### Assignment:
In the entries below, find the line with "Otel Logis Le Clos Pite Préchacq" and the line with "Plus Size Solid"; reproduce those two lines and all lines between them exactly, without pictures.

### Source information:
*** Block opens ***
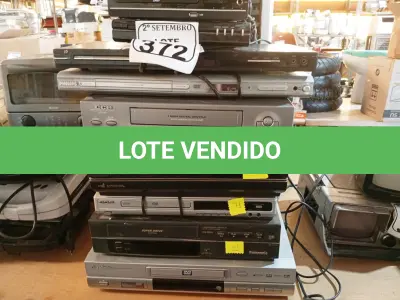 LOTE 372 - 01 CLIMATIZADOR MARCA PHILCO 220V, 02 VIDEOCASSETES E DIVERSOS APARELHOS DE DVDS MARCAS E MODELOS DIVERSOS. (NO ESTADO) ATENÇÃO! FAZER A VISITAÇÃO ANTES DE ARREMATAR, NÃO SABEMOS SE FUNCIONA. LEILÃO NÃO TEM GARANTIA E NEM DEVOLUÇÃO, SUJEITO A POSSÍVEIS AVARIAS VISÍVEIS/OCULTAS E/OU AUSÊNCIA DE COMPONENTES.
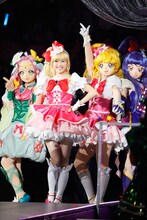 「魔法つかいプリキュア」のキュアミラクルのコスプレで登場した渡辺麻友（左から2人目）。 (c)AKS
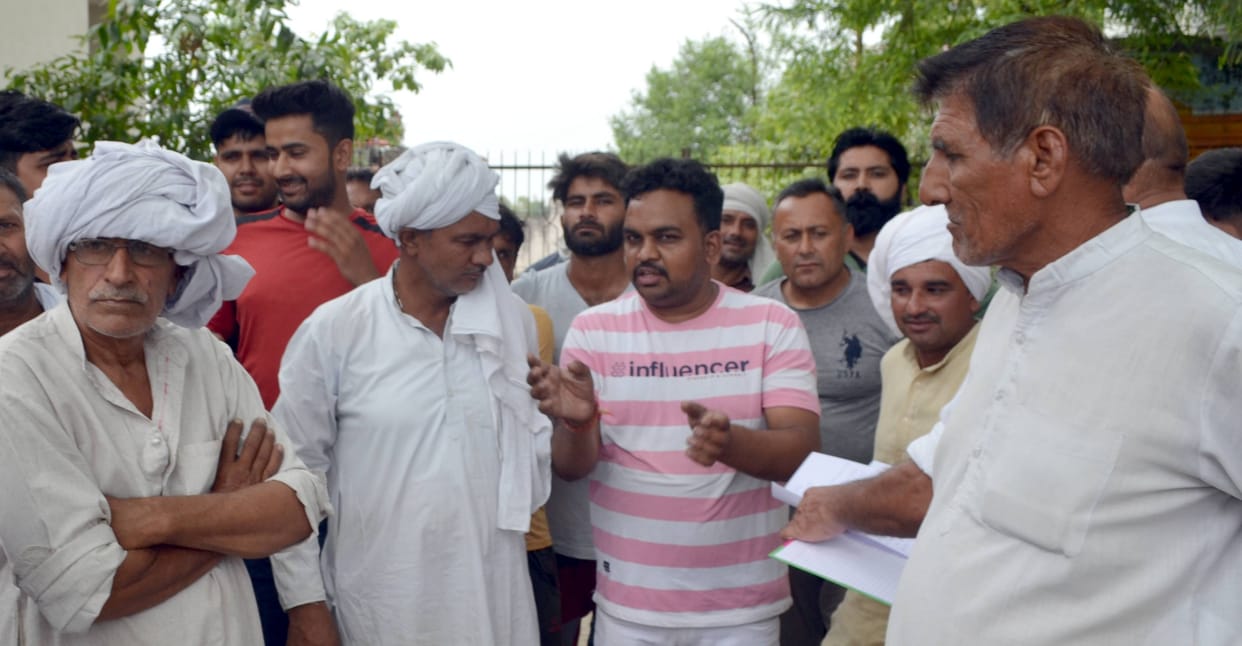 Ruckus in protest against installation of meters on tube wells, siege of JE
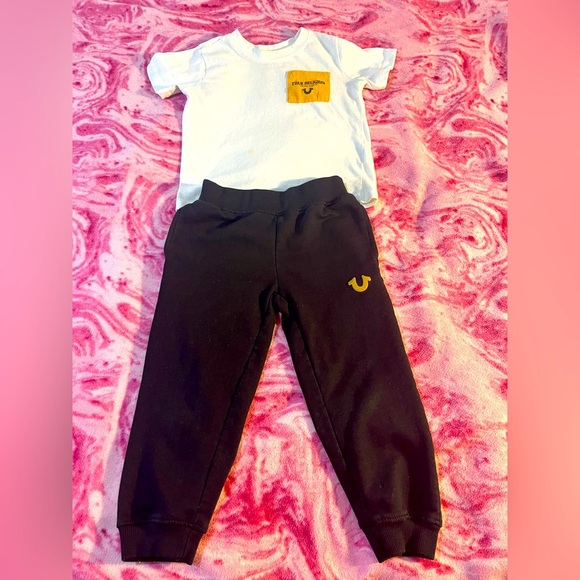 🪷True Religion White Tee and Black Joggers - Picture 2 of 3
*** Block closes ***
*** Block opens ***
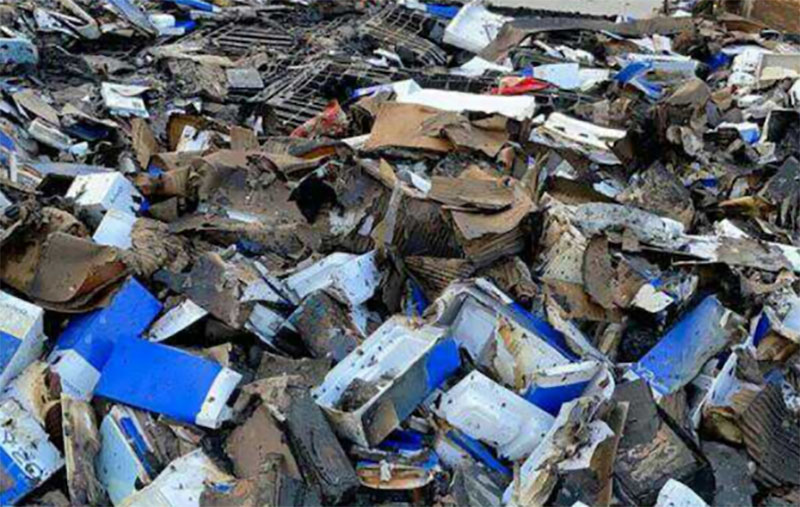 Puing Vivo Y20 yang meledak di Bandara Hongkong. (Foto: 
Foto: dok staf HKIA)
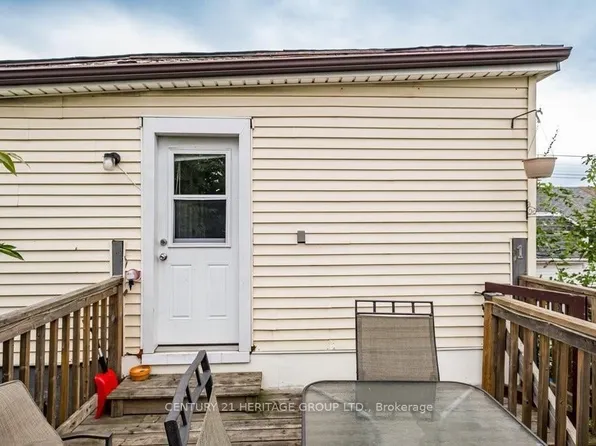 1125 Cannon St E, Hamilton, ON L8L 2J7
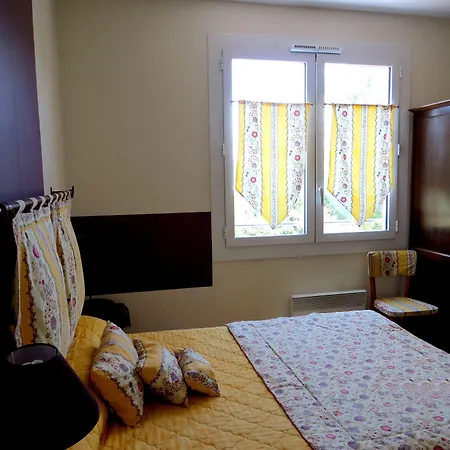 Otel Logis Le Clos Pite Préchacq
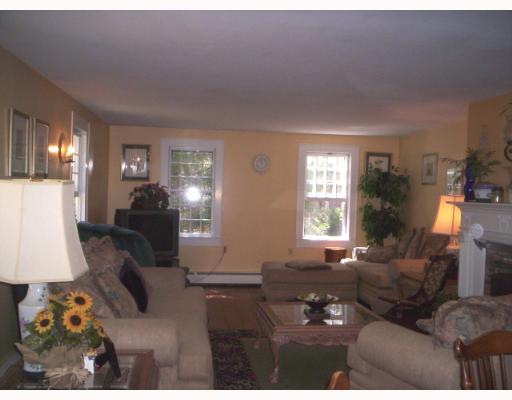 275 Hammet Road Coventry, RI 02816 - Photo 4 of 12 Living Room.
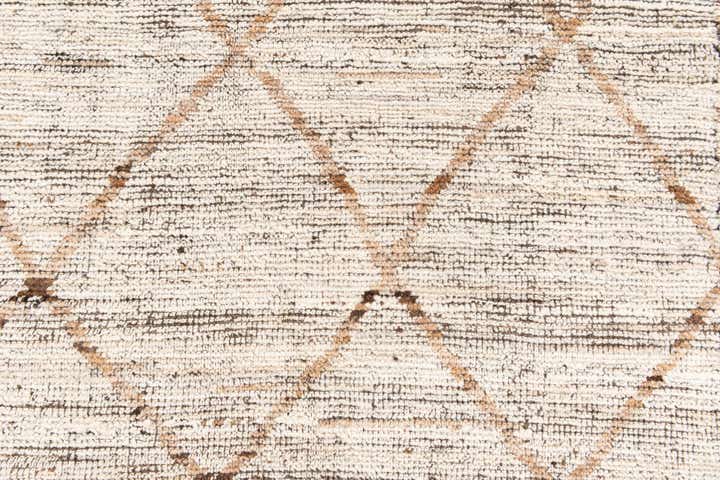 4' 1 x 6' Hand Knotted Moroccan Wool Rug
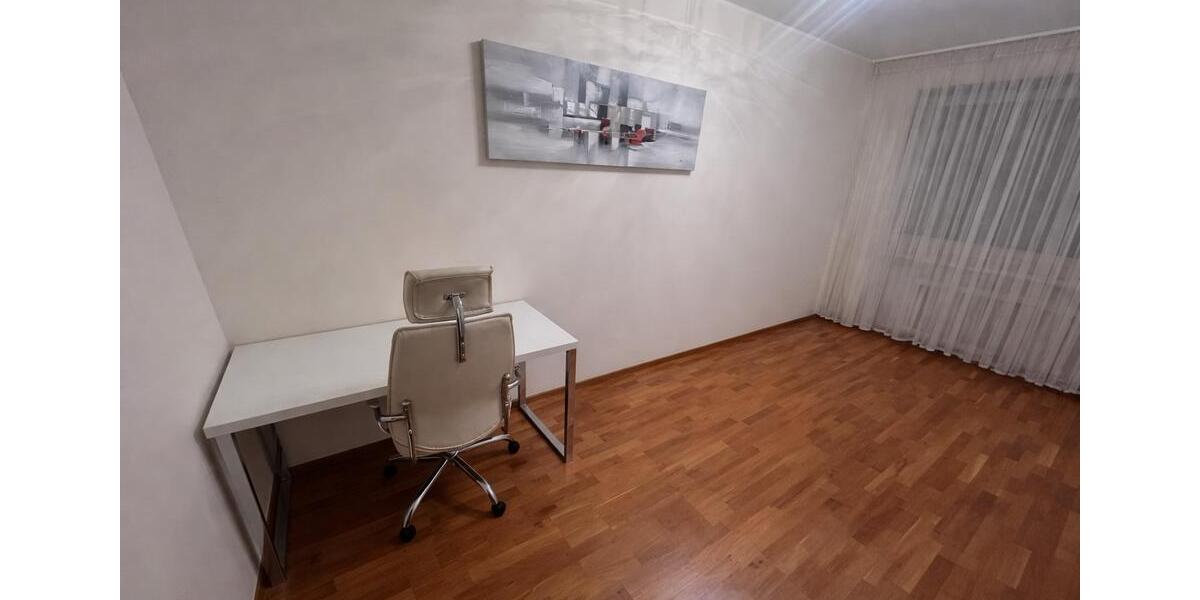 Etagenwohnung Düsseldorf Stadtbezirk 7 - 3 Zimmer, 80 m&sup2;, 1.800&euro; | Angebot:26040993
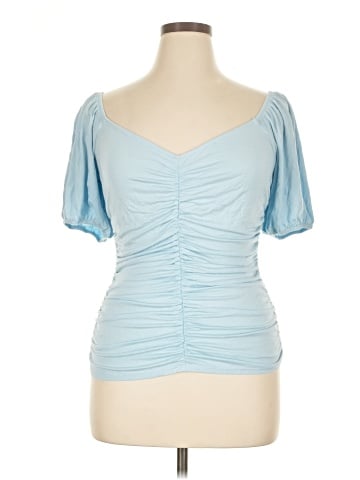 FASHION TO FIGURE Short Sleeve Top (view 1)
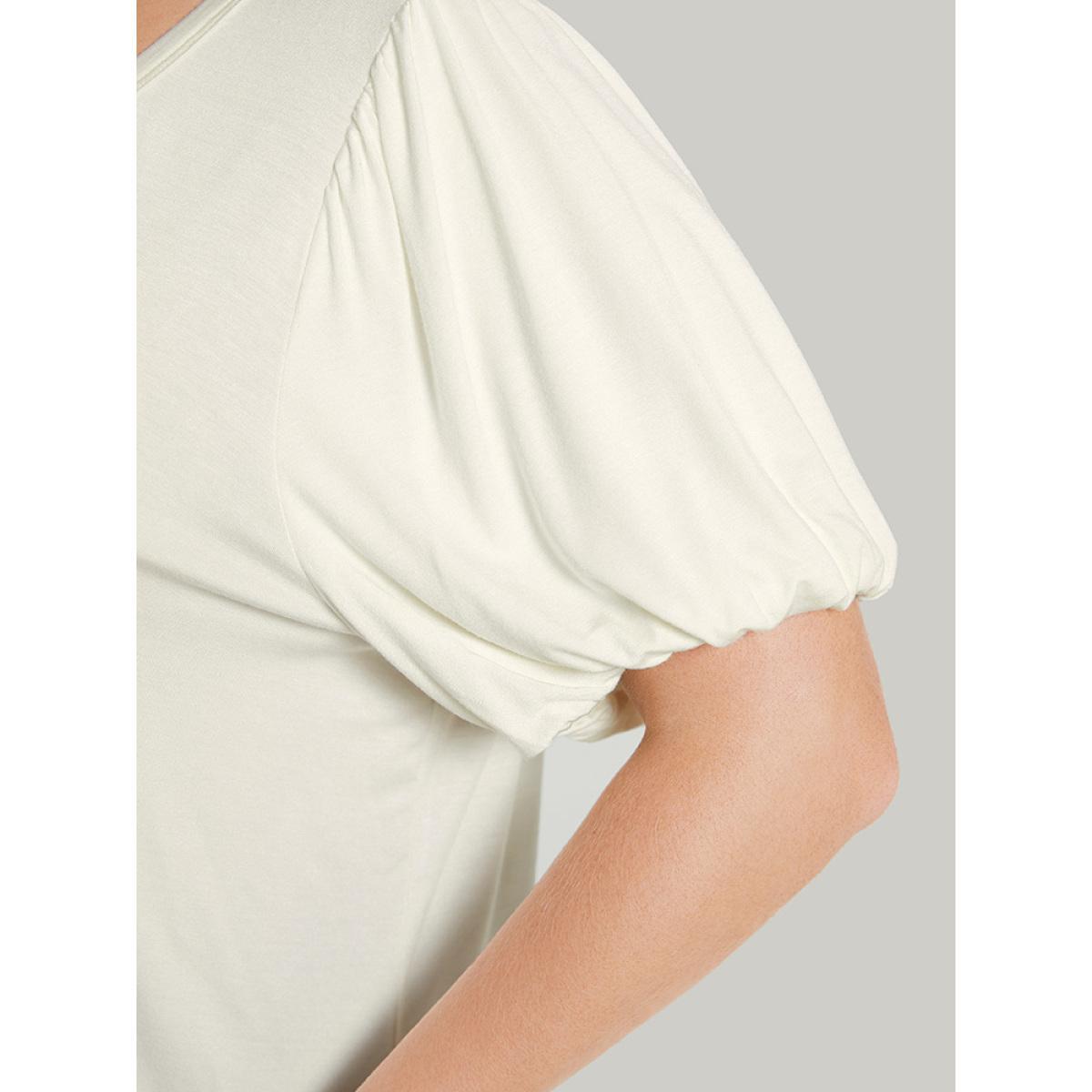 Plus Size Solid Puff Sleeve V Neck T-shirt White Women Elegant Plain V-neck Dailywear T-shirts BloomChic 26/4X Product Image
*** Block closes ***
*** Block opens ***
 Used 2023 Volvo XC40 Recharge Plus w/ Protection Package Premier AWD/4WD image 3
*** Block closes ***
### Output for this exercise:
 Otel Logis Le Clos Pite Préchacq
 275 Hammet Road Coventry, RI 02816 - Photo 4 of 12 Living Room.
 4' 1 x 6' Hand Knotted Moroccan Wool Rug
 Etagenwohnung Düsseldorf Stadtbezirk 7 - 3 Zimmer, 80 m&sup2;, 1.800&euro; | Angebot:26040993
 FASHION TO FIGURE Short Sleeve Top (view 1)
 Plus Size Solid Puff Sleeve V Neck T-shirt White Women Elegant Plain V-neck Dailywear T-shirts BloomChic 26/4X Product Image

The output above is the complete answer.